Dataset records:
· · · · ·

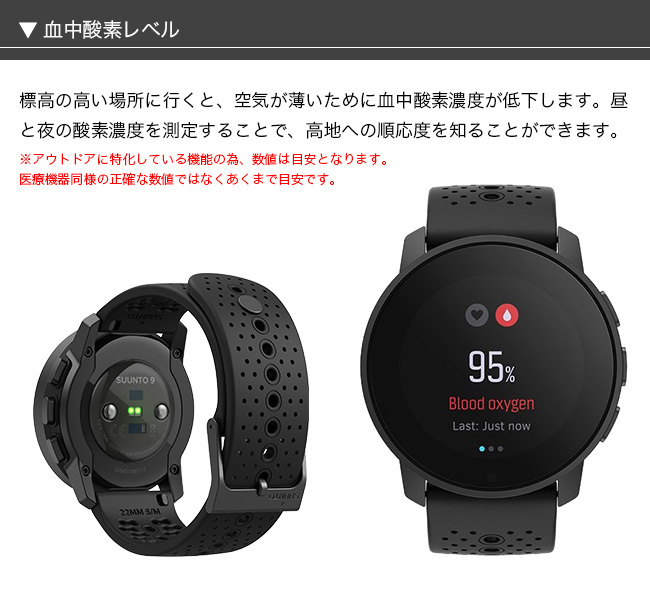 SUUNTO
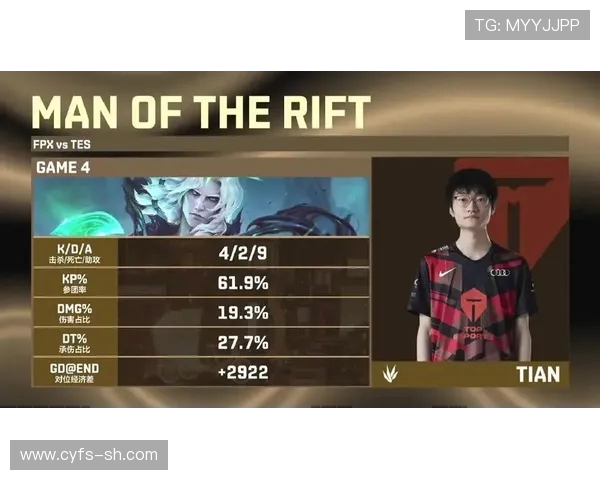 全球挑战赛分析:TES在节奏掌控上的出色表现与未来展望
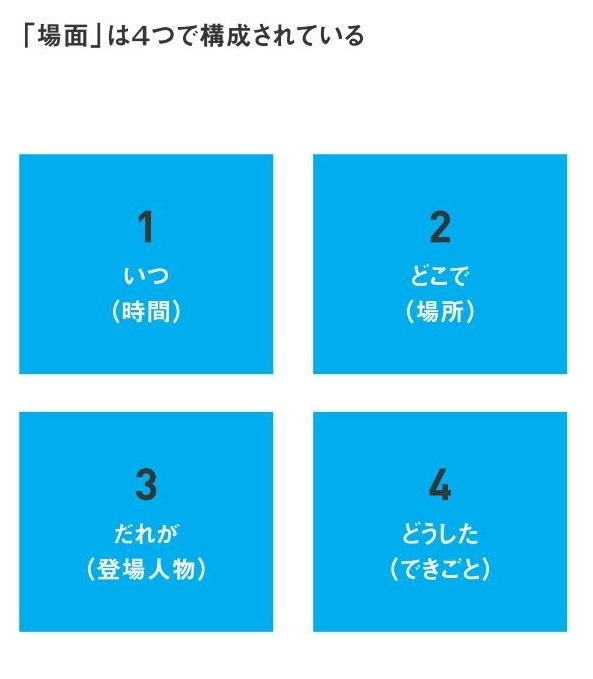 大手名門塾で国語講師として活躍した中学受験専門カウンセラー 金子香代子さんの初著書 中学受験 金子式 声かけメソッド 最速の国語読解力 を刊行 8月22日 株式会社大和書房のプレスリリース 大手名門塾で国語講師として活躍した中学受験専門カウンセラー 金子香代子さんの初著書 中学受験 金子式 声かけメソッド 最速の国語読解力 を刊行 8月22日 株式会社大和書房のプレスリリース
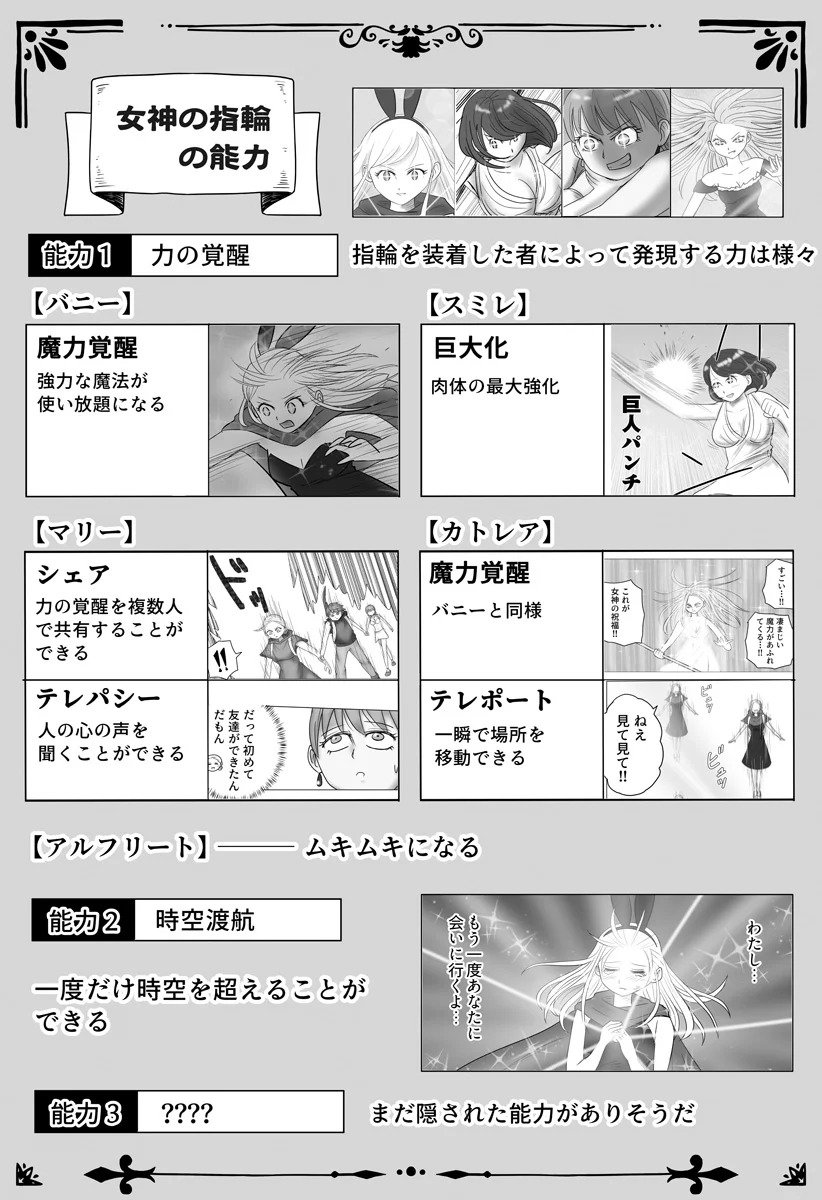 Harem Yuusha Densetsu - Chapter 18 - Page 29
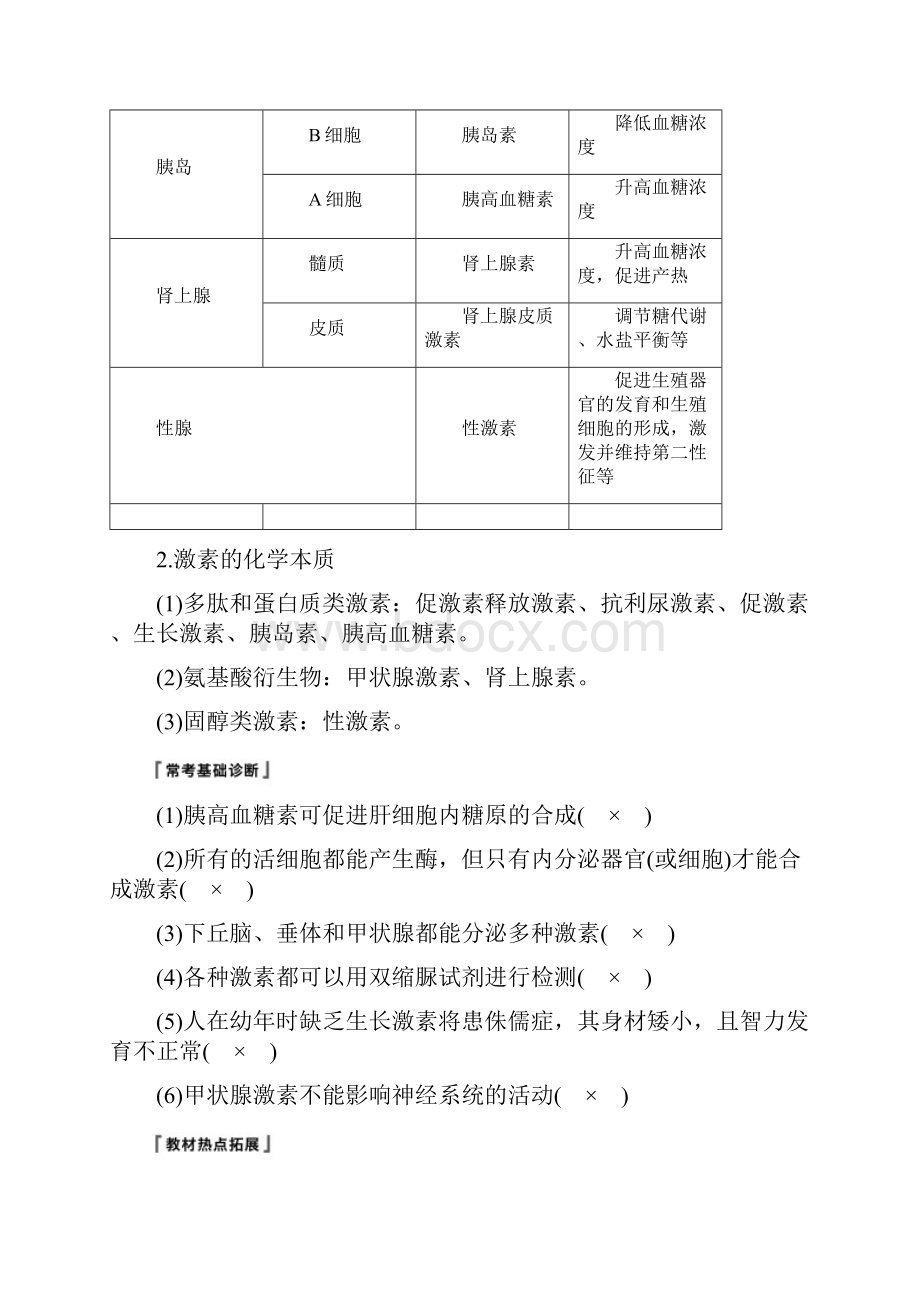 生物高考大一轮复习 第八单元 生物界是一个相对稳定的生命系统及生物个体的内环境与稳态 第26讲 动物.docx_第2页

· · · · ·

## Exercise objective:
Copy every record above exactly, leaving out any pictures.

## Response:
 SUUNTO
 全球挑战赛分析:TES在节奏掌控上的出色表现与未来展望
 大手名門塾で国語講師として活躍した中学受験専門カウンセラー 金子香代子さんの初著書 中学受験 金子式 声かけメソッド 最速の国語読解力 を刊行 8月22日 株式会社大和書房のプレスリリース 大手名門塾で国語講師として活躍した中学受験専門カウンセラー 金子香代子さんの初著書 中学受験 金子式 声かけメソッド 最速の国語読解力 を刊行 8月22日 株式会社大和書房のプレスリリース
 Harem Yuusha Densetsu - Chapter 18 - Page 29
 生物高考大一轮复习 第八单元 生物界是一个相对稳定的生命系统及生物个体的内环境与稳态 第26讲 动物.docx_第2页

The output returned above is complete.